Urban Outfitters: a haven of the "alternative." Known especially for their artistic t-shirts, this international company flaunts the style that almost all teens and twenty-somethings long for. Even I have gazed longingly through the window at the new and interesting styles that I can only dream of creating myself.

Last night I was at the reunion concert of an awesome local band, Uncommon Knowledge. After the show, my friend went up and complimented the singer/guitarist's shirt. After thanking her, he mentioned that it was from Urban Outfitters.

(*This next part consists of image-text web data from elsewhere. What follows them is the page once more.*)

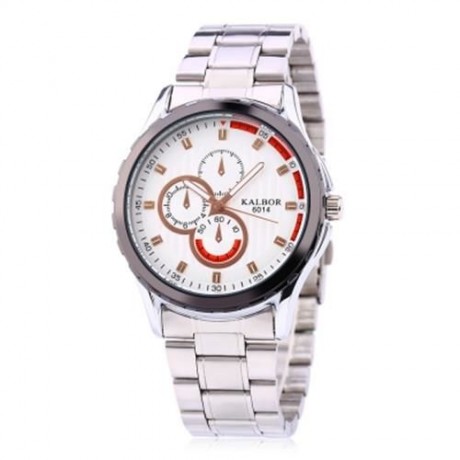 KALBOR 6014 BUSINESS MALE QUARTZ WATCH DECORATIVE SUB-DIAL WRISTBAND (WHITE AND GOLDEN)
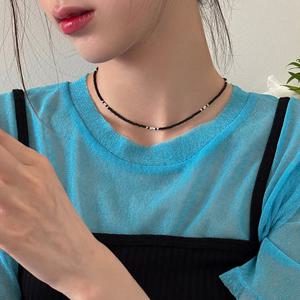 사아나 블랙 오닉스 은 볼 초커 레이어드 목걸이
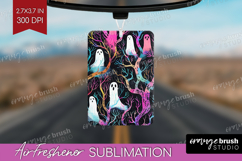 Neon Halloween Air Freshener PNG - Spooky PNG Sublimation Product Image 1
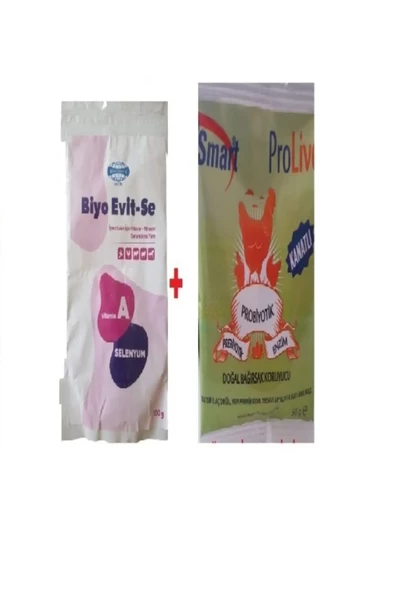 Smart ProLive 50 gr + Biyo Evit-se 100 gr " E Vitamin Selenyum 100 gr(Tavuk Vitamin Set)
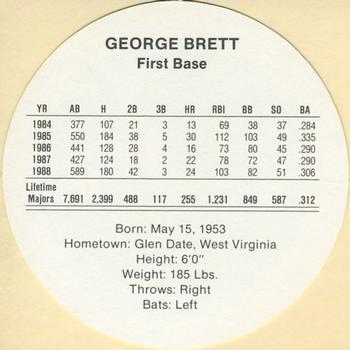 1989 Cadaco Discs #NNO George Brett Back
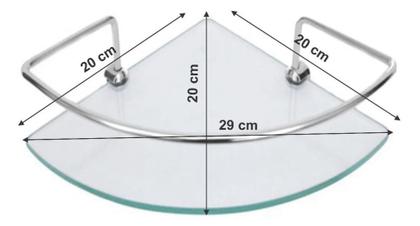 Imagem de Kit 3 Unidades Porta Shampoo De Canto Com Haste Alumínio Polido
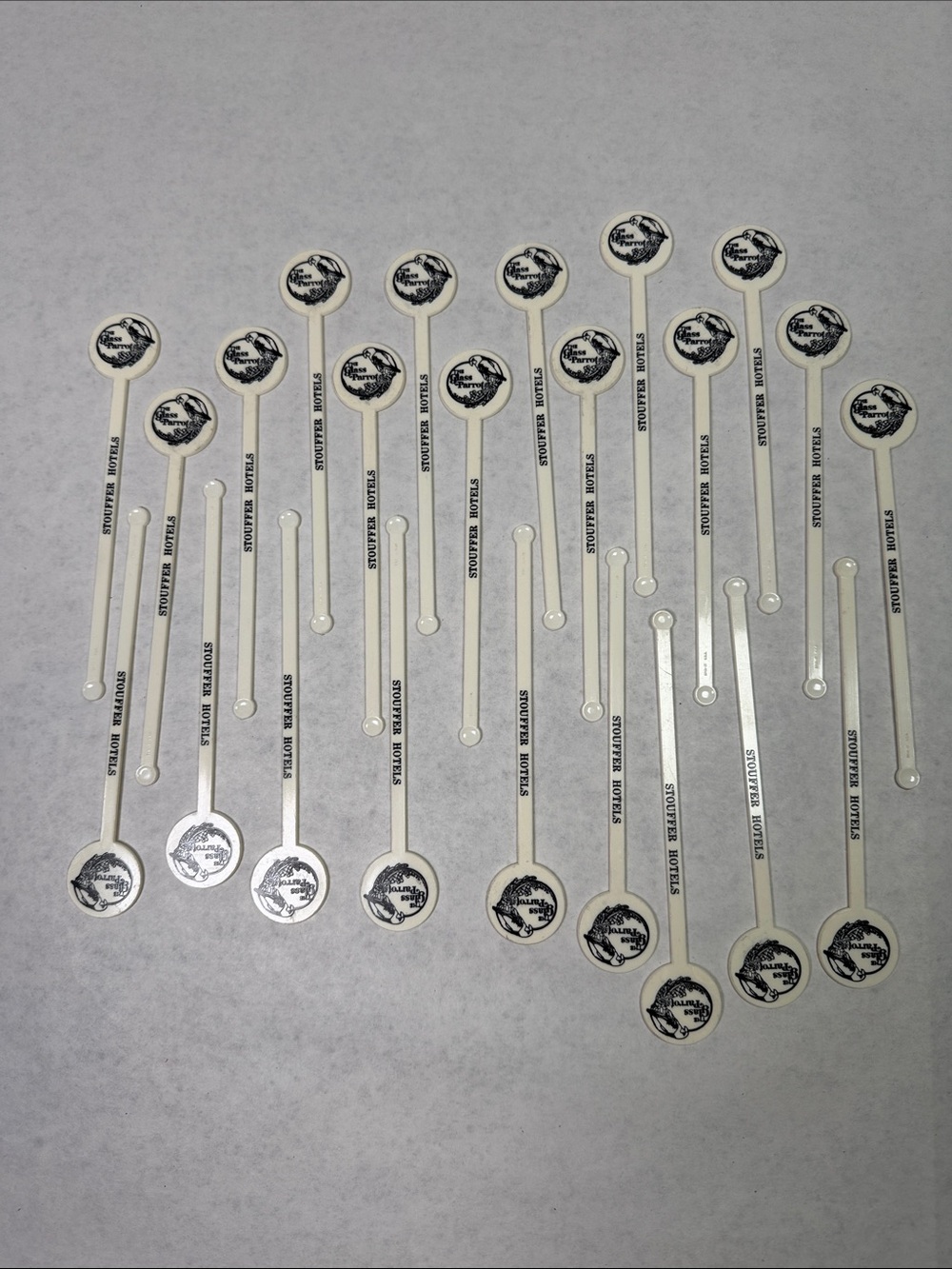 23 Vintage Parrot White Drink Stirrer MCM Swizzle Sticks Hotel Bar Souvenir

This reminded me of a few months ago, when I was glancing at an article online and was scandalized by what I read. Not only does the owner of Urban Outfitters contribute to some politicians I find personally objectionable, he holds the classic defeatist attitude toward where he gets his products. The complete article can be found at The Philadelphia Weekly, but here's some pertinent information:

"Yes, says Hayne, nearly all of Urban Outfitters' apparel is manufactured in Third World sewing shops--just like nearly all of the clothing sold in this country. If Urban Outfitters relied on domestic union labor, says Hayne, most of his customers could not afford the price he would have to charge to turn a profit. All things being relative, he says, Urban Outfitters does not contract with any sewing shops that are overtly inhumane or exploitive.

'Years ago I visited one of the factories we work with in India, and there was 500 people standing in a line three people deep stretching around the building,' he recalls. 'I said to the foreman, "What's going on?" He told me they were all applicants for the four positions they had open. I toured that facility and it was reasonably clean--for India. And it was reasonably well-lit--again, for India. And yes, it was mostly young women working there. But it is my understanding that the only other option those women had to feed their families was selling their bodies. So I don't want to hear people from the suburbs with their fat American stomachs telling people in other countries how to run their societies.' "

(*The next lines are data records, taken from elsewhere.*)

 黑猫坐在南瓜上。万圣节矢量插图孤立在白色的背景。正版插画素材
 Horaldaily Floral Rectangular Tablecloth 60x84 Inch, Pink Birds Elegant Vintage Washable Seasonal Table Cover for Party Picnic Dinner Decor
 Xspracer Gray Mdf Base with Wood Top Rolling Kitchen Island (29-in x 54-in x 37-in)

While I find this funnily ironic, I am also slightly disturbed. Many people I know, including friends and relatives, shop at this store. Do they know where those products are coming from, and do they know how the company spends its profits?

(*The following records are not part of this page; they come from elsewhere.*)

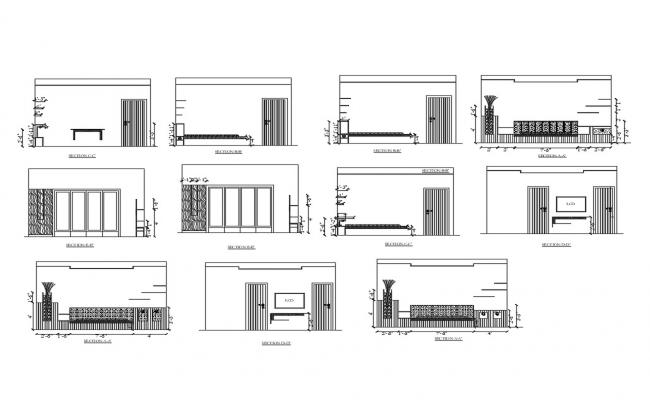 650x400 Drawing Room Of House Section And Furniture Layout Details Dwg - House Section Drawing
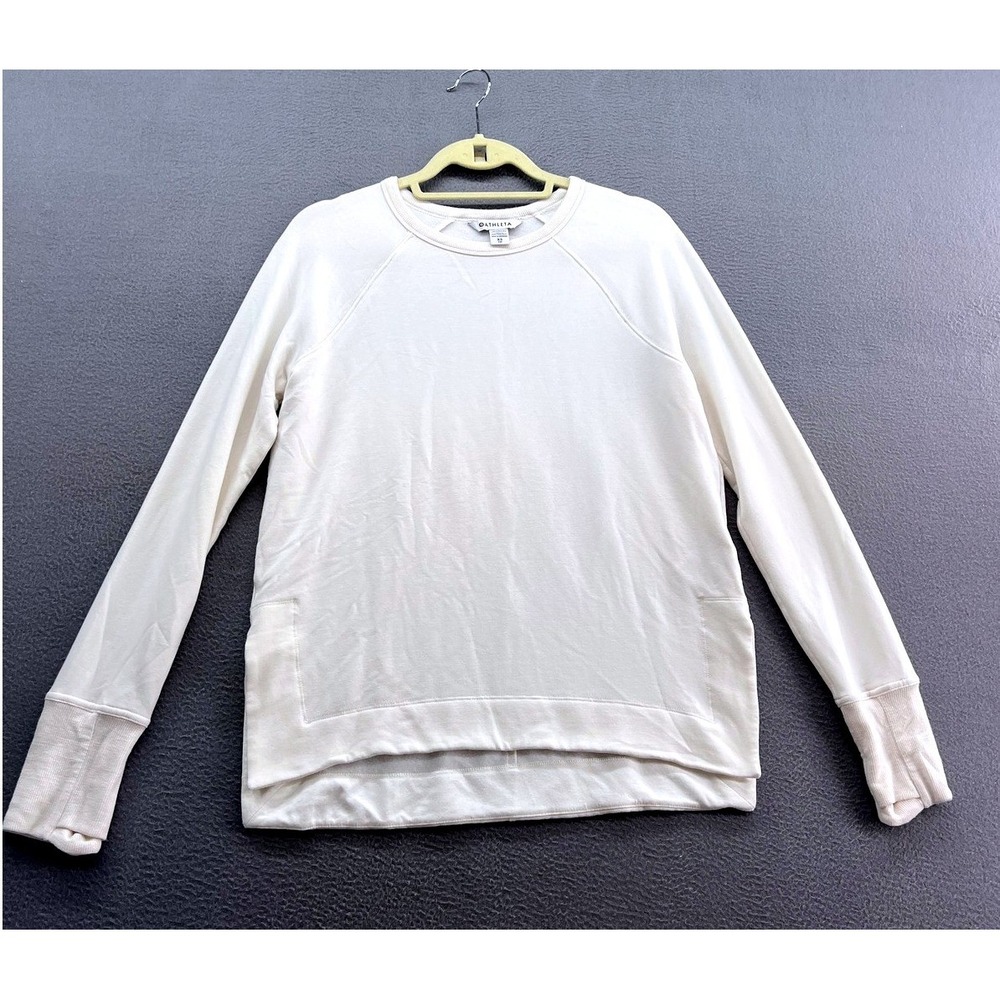 Athleta Sweatshirt Womens XS White Pullover Lightweight Thumb Holes Pockets 9346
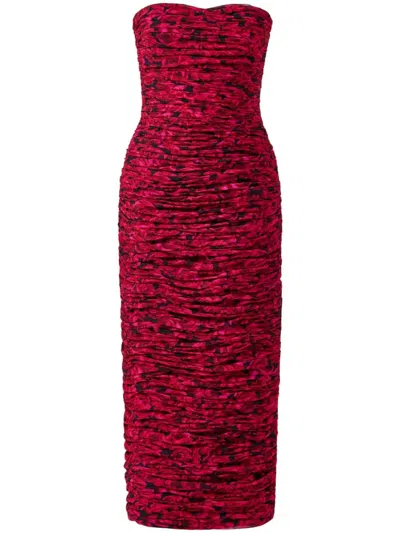 Carolina Herrera Rose-print Strapless Dress In Red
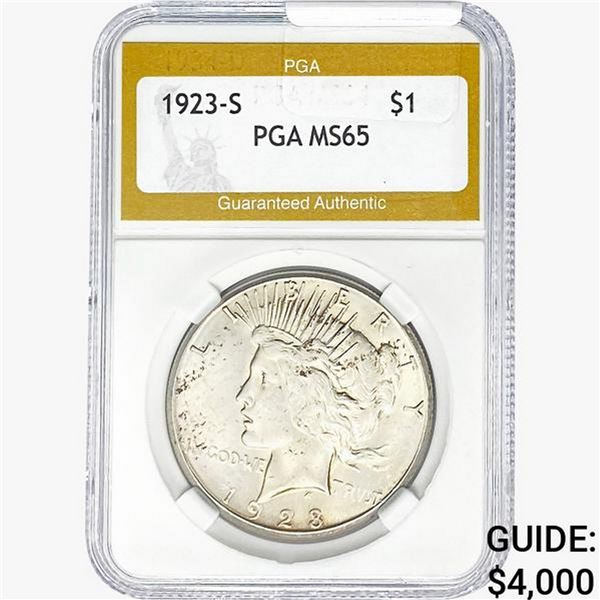 1923-S Silver Peace Dollar PGA MS65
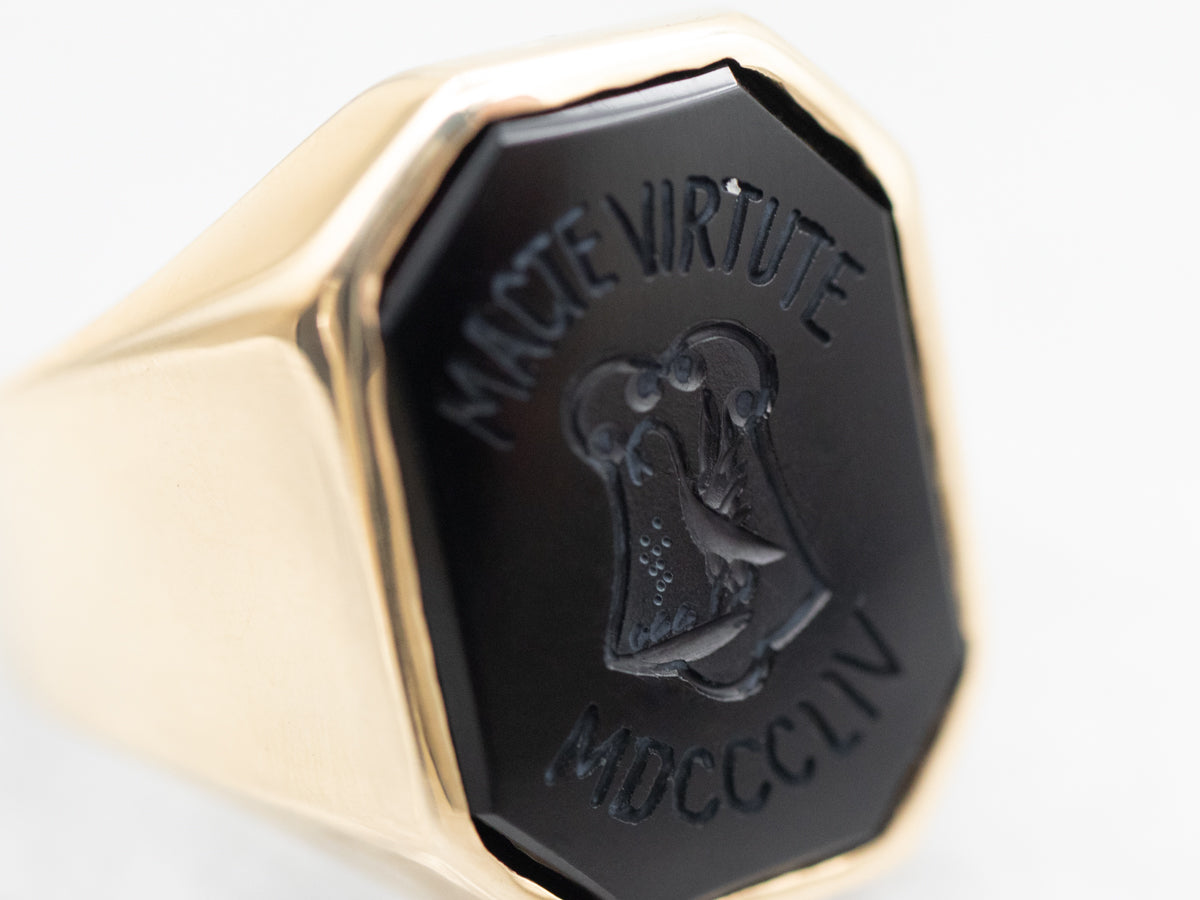 Vintage "MACTE VIRTUTE MDCCCLIV" Carved Black Onyx College Ring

Let this serve as a reminder for us all. When we buy new, we are perpetuating a cycle that we may not want to actually be a part of. Purchase with intention!

1 comment:

That thing I sent you... said...

Wow! As someone responsible for production in "Third World" countries (it is arguable that China and India fall into that category in many respects), I find the comments by the Urban Outfitters owner not only appalling, but plain bad business. Nearly every industry I know actually works to maintain safety (and even dignity) in the workplace of their partners. There are legal guidelines in every industry, and auditors that can (and do) certify that factories adhere to them. It is easy enough to get an audit before you decide to do business with a particular partner, and most do at least an annual audit. I should have thought that after the "Cathy Lee Gifford" type incidents that people in the clothing industry would have gotten a clue. I know that "Thomas the Train" troubles have taken audits to a whole new level in toys. In both, companies have shown that good PR (and lack of bad PR) about product manufacturing goes a long way. I guess that Urban Outfitters will learn the hard way when some Gen X or Y group gets up in arms about the human cost of their favorite clothing. Here's hoping!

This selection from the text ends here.